Data extracted from a collection:
Start of Block

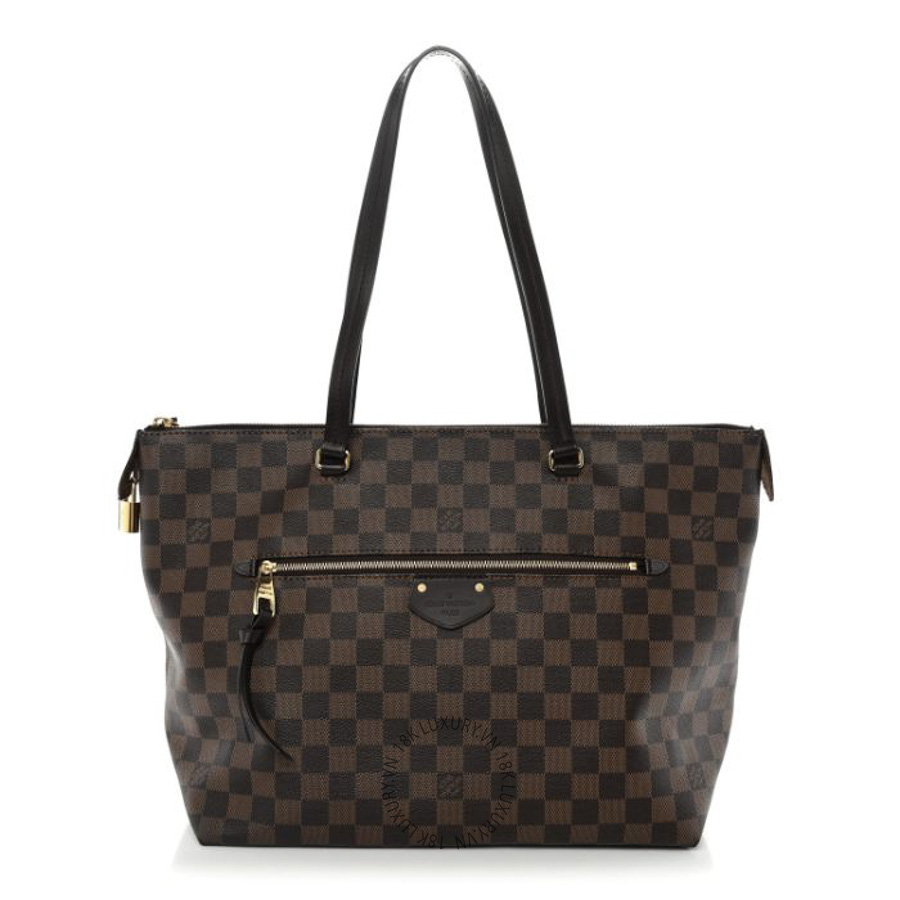 Túi Xách Louis Vuitton Damier Ebene Iena MM NSBD710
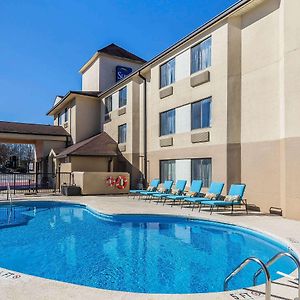 Sleep Inn Gaffney At I-85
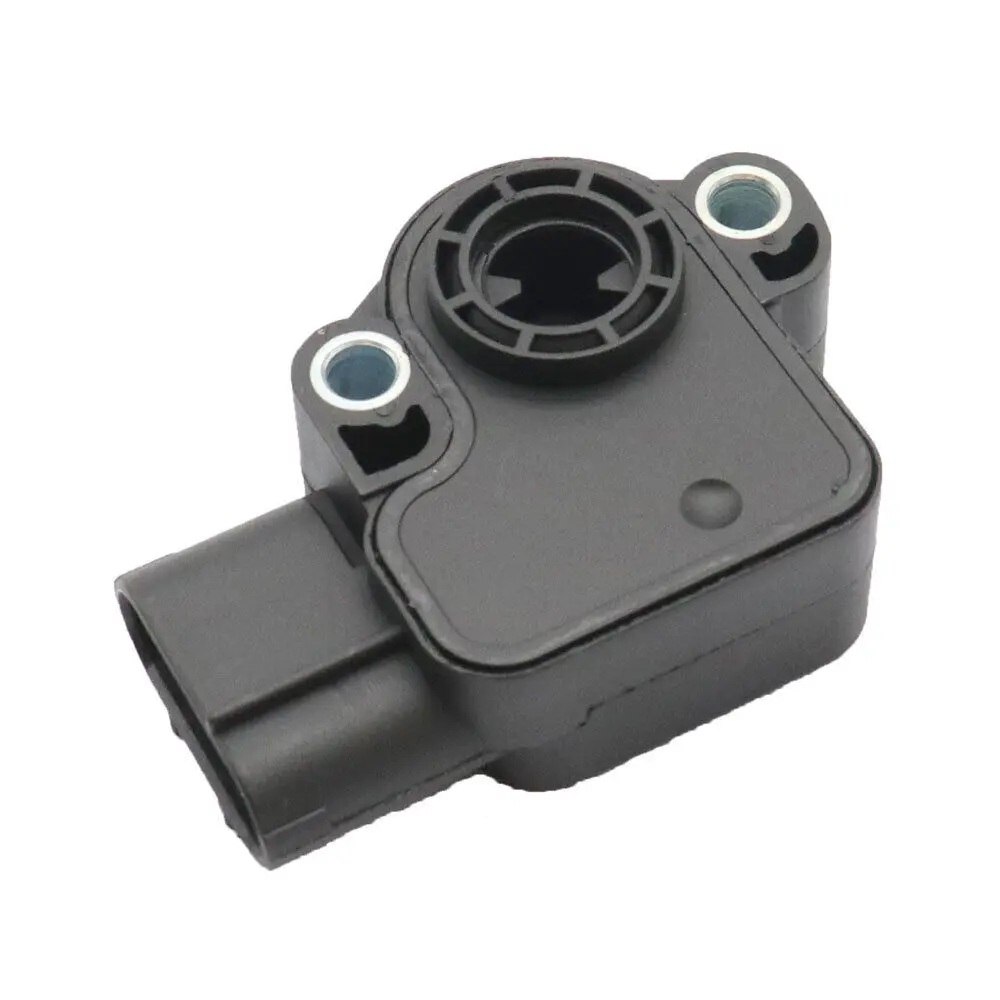 Throttle Position Sensor For 1998 - 2001 3.0L Ford Ranger Trucks F48F-9B989-AA F48F9B989AA FREE SHIPPING 4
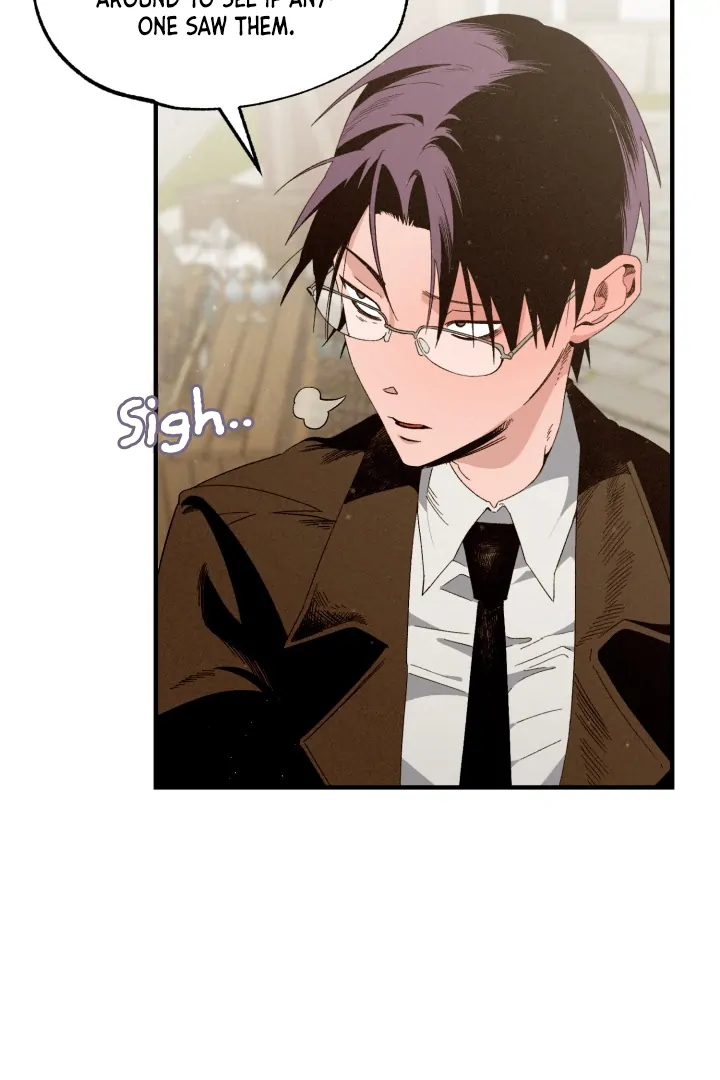Dr. V and His Three Lovers (LILITH) - Chapter 2 manhwa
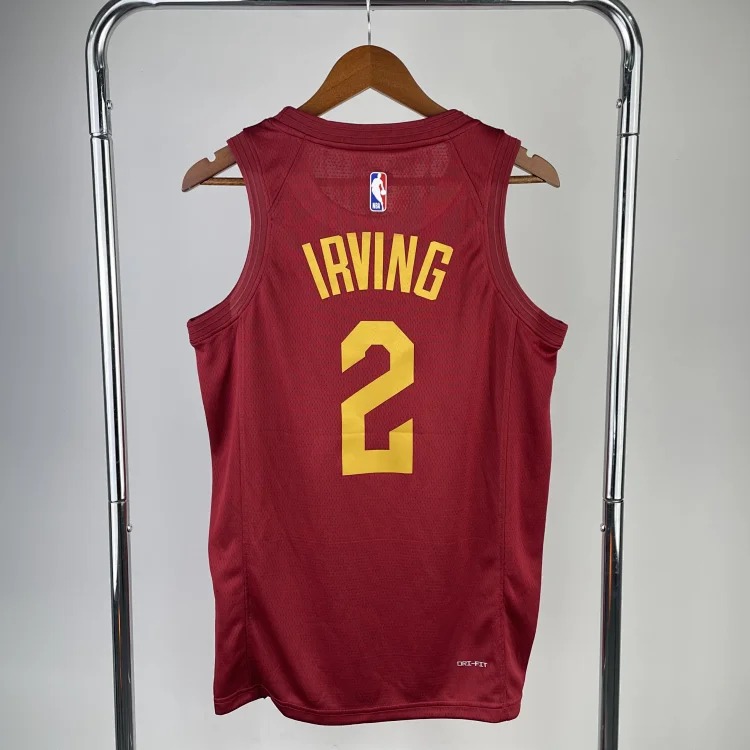 Basketball Jersey 1438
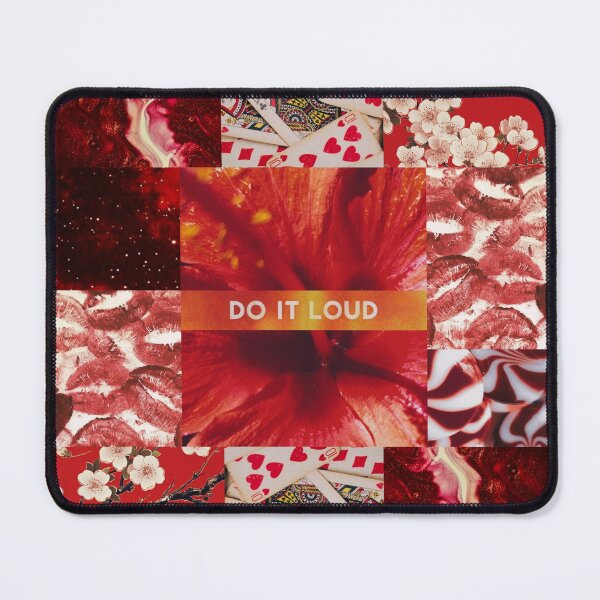 Item preview, Louder Than Doubt – Fearless Aesthetic designed and sold by CrisCat.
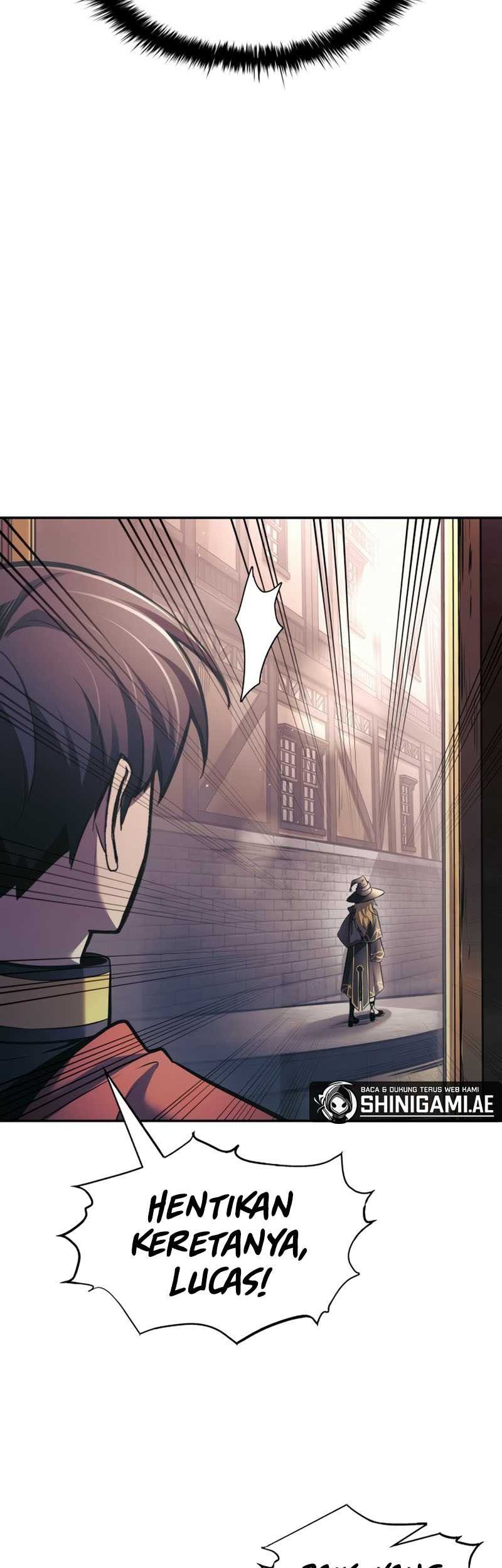 I Became the Tyrant of a Defense Game Chapter 76 page 32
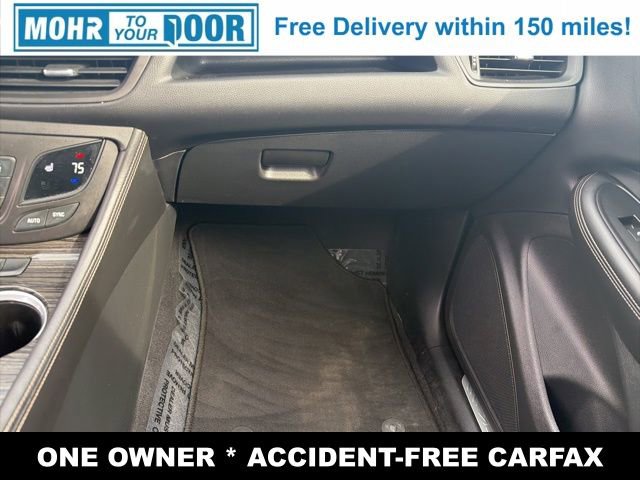 Used 2018 Buick Envision Essence image 26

End of Block

» The problem: Once the pictures are removed, output the entries above exactly as given.

» Final answer:
 Túi Xách Louis Vuitton Damier Ebene Iena MM NSBD710
 Sleep Inn Gaffney At I-85
 Throttle Position Sensor For 1998 - 2001 3.0L Ford Ranger Trucks F48F-9B989-AA F48F9B989AA FREE SHIPPING 4
Dr. V and His Three Lovers (LILITH) - Chapter 2 manhwa
 Basketball Jersey 1438
 Item preview, Louder Than Doubt – Fearless Aesthetic designed and sold by CrisCat.
 I Became the Tyrant of a Defense Game Chapter 76 page 32
 Used 2018 Buick Envision Essence image 26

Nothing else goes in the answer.